> **Work instruction**
Make an exact copy of the lines starting at the top of the listing below and ending at the line that contains "This video shows", inclusive.

> **Recorded data**
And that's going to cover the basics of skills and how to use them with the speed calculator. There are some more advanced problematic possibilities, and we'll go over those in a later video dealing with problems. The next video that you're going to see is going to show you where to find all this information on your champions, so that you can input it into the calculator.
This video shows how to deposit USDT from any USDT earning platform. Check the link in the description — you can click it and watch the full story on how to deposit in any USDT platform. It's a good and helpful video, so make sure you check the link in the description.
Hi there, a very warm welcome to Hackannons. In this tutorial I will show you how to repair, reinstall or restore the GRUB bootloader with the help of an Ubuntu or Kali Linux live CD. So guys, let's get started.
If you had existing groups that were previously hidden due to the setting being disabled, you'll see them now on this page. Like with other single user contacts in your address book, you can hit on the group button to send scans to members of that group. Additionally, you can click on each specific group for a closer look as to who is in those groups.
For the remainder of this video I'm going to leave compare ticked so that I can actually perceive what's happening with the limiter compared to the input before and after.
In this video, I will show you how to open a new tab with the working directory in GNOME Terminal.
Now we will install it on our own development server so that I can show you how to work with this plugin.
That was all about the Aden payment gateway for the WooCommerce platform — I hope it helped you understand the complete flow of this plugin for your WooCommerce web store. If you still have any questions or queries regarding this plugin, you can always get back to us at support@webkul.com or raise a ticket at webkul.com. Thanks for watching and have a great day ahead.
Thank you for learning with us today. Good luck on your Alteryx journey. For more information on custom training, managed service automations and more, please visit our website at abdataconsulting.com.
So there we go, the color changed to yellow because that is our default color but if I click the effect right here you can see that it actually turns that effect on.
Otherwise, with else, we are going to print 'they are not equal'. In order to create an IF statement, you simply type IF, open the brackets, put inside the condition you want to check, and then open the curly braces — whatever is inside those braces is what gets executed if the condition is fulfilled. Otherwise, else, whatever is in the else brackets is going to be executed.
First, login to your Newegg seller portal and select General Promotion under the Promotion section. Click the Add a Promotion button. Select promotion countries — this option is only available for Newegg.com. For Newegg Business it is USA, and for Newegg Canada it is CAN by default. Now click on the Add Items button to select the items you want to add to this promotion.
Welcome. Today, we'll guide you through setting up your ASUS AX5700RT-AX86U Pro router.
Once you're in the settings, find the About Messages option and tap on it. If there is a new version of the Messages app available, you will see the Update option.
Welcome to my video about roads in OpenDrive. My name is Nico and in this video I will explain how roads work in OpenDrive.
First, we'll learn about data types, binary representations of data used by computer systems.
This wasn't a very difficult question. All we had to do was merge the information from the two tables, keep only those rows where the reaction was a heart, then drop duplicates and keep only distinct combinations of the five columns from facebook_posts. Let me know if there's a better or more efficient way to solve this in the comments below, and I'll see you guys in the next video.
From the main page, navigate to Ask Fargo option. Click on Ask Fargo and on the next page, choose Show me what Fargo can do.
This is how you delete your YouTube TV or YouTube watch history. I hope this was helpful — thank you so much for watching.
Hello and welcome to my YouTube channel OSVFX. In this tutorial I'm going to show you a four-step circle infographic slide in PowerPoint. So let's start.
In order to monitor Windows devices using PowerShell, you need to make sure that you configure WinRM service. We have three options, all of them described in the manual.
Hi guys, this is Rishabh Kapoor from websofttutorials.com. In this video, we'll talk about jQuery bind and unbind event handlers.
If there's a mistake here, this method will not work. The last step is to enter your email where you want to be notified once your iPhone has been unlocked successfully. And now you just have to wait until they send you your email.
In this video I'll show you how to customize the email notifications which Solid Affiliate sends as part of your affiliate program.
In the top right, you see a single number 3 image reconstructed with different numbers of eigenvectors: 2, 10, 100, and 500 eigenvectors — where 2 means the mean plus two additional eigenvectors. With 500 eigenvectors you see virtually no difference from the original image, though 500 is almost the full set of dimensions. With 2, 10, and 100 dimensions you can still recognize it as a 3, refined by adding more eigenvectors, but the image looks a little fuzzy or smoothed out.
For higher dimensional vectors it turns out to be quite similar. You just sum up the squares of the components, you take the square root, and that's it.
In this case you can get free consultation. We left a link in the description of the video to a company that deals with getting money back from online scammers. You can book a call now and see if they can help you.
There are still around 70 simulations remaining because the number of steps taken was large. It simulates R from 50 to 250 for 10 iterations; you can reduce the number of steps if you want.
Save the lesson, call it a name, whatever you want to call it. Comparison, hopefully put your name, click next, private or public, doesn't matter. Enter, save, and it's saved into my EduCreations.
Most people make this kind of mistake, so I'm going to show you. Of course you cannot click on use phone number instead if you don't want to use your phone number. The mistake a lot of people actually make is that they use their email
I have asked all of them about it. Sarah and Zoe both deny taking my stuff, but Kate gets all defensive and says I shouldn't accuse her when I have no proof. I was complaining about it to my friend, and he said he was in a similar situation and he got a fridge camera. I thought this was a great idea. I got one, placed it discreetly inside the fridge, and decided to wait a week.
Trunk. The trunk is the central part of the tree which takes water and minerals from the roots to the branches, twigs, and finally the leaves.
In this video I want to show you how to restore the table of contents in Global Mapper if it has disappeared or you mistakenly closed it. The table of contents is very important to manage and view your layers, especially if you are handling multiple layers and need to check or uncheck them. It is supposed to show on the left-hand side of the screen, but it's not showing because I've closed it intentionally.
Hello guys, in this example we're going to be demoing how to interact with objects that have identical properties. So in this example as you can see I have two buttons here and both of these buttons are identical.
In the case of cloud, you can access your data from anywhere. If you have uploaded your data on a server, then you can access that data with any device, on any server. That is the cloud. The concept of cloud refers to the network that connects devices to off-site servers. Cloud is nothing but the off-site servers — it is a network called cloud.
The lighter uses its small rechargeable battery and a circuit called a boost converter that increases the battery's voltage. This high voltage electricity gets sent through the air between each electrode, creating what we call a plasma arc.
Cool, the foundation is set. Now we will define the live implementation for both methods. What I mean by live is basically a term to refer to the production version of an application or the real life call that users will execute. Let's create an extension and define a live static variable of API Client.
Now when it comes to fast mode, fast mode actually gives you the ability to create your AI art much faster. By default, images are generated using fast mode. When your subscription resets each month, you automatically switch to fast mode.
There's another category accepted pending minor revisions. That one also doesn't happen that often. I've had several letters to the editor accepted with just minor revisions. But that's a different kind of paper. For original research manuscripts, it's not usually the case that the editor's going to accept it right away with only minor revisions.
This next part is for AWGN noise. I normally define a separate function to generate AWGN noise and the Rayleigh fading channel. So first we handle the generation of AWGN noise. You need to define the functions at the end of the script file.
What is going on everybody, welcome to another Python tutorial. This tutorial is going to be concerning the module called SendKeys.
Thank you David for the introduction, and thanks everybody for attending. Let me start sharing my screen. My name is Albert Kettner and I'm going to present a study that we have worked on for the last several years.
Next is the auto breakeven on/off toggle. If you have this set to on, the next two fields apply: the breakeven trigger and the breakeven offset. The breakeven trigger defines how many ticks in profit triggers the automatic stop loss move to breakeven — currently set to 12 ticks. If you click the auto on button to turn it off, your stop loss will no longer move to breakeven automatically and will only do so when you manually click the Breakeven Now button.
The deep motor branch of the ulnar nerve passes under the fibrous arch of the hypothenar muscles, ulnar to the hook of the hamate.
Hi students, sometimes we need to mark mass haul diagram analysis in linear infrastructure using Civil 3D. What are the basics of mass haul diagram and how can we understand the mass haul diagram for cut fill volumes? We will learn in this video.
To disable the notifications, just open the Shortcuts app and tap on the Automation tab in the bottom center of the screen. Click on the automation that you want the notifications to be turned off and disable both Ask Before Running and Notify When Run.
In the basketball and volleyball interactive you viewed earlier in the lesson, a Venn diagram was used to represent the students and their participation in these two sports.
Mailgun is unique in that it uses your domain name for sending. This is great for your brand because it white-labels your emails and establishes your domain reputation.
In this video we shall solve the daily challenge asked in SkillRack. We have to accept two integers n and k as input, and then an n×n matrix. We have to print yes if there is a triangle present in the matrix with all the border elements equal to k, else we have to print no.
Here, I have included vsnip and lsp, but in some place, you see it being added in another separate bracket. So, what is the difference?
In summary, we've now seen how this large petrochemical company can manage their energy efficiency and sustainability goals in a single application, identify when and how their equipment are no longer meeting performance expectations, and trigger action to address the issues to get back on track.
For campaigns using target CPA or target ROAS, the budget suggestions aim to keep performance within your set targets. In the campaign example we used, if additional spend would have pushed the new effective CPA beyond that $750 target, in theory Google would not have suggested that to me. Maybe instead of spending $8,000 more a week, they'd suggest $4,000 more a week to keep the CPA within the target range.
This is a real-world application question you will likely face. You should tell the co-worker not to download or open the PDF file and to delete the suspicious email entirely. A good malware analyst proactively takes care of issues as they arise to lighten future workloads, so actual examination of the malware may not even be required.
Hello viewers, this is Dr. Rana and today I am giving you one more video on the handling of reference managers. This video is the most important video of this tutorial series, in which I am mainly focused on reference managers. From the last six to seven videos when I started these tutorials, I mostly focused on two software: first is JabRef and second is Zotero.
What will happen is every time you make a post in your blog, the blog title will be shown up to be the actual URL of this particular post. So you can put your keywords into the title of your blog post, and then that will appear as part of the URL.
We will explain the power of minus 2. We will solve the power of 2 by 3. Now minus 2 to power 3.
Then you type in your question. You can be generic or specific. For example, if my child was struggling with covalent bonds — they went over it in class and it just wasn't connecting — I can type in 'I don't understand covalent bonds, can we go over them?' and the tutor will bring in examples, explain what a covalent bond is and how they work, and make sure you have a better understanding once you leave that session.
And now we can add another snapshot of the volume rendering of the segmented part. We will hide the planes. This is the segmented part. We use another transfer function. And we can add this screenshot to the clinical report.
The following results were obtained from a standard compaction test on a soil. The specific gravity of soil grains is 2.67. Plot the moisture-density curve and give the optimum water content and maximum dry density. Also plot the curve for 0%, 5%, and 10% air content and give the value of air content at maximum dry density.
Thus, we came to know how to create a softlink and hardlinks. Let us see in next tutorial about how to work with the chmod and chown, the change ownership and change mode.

> **Task output**
And that's going to cover the basics of skills and how to use them with the speed calculator. There are some more advanced problematic possibilities, and we'll go over those in a later video dealing with problems. The next video that you're going to see is going to show you where to find all this information on your champions, so that you can input it into the calculator.
This video shows how to deposit USDT from any USDT earning platform. Check the link in the description — you can click it and watch the full story on how to deposit in any USDT platform. It's a good and helpful video, so make sure you check the link in the description.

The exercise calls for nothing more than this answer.